Deputi Perlindungan BNP2TKI Lisna Y Poeloengan mengatakan upaya BNP2TKI dalam penegakkan hak asasi buruh migran telah mendirikan Crisis Center untuk melayani pengaduan kasus buruh migran, lama atau tidaknya penyelesaian kasus tergantung para pihak dalam mediasi.
Pernyataan Deputi Perlindungan BNP2TKI tersebut mendangkalkan arti “perlindungan” yang melekat dalam BNP2TKI. Apa yang dikatakannya tersebut difahami bahwa dalam penanganan kasus buruh migran, posisi BNP2TKI hanyalah Mediator yang memfasilitasi pertemuan, mulai dari mengundang, menentukan jadwal pertemuan, fasilitasi musyawarah, menengahi, dan mencatat hasil musyawarah para pihak.

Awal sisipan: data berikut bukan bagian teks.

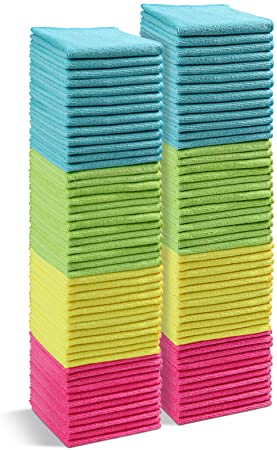 Microfiber Cleaning Cloth,100Pack Cleaning Rag,Cleaning Towels with 4 Color Assorted,12"X12"(Green/Blue/Yellow/Pink)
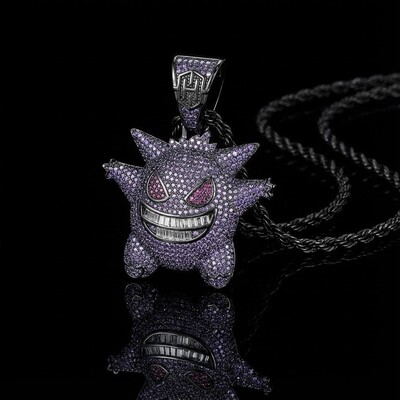 Purple Iced Gengar Pendant in Black Gold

Belajar dari pengalaman Kasus Wanikah buruh migran Yordania asal Indramayu, empat tahun bekerja, mengalami kekerasan fisik hingga cacat dan hanya digaji dua bulan, kasus ini menggantung di BNP2TKI hingga hampir dua tahun tanpa penyelesaian. Ini juga memperkuat apa yang dikatakan oleh Lisna Y Poelengan, bahwa BNP2TKI memposisikan diri sebagai Badan Mediator.
Kasus Wanikah membuka mata kita semua bahwa NEGARA melalui lembaga yang dibentuknya absen, tidak hadir, ketika rakyatnya membutuhkan perlindungan, kewajiban negara melindungi rakyatnya telah sirna ditangan para pejabat yang telah dilantik dan disumpah untuk mendudukinya.
Sejumlah pertanyaan muncul, apa peran Anggota Polri yang menduduki jabatan tertentu di BNP2TKI, kenapa tidak melakukan tindakan hukum ketika ada kasus pidana misalnya penganiayaan, pemerkosaan, penipuan, pemalsuan, perdagangan orang? Lalu bagaimana koordinasi Anggota Polri yang ada di BNP2TKI dengan Mabes Polri yang didalamnya ada Internasional Polisi (Interpol) karena kejahatan itu terjadi di lintas negara? Lalu bagaimana ketika dari 12 ribuan kasus yang masuk ke BNP2TKI itu ada banyak kasus pidana dan Anggota Polri BNP2TKI membiarkan kejahatan itu berlangsung? lalu apa dasar hukumnya sebuah tindak pidana diselesaikan dengan mediasi? Lalu apakah mediator tersebut sudah terakreditasi oleh Mahkamah Agung? Lalu atas nama perlindungan, mekanisme kontrol apa yang bisa menjamin keadilan dari semua keputusan mediator dalam penanganan kasus buruh migran tersebut? Jika memang substansi perlindungan dilakukan dengan mediasi, apakah mungkin sebaiknya BNP2TKI diganti dengan Badan Nasional Penempatan dan Mediasi TKI?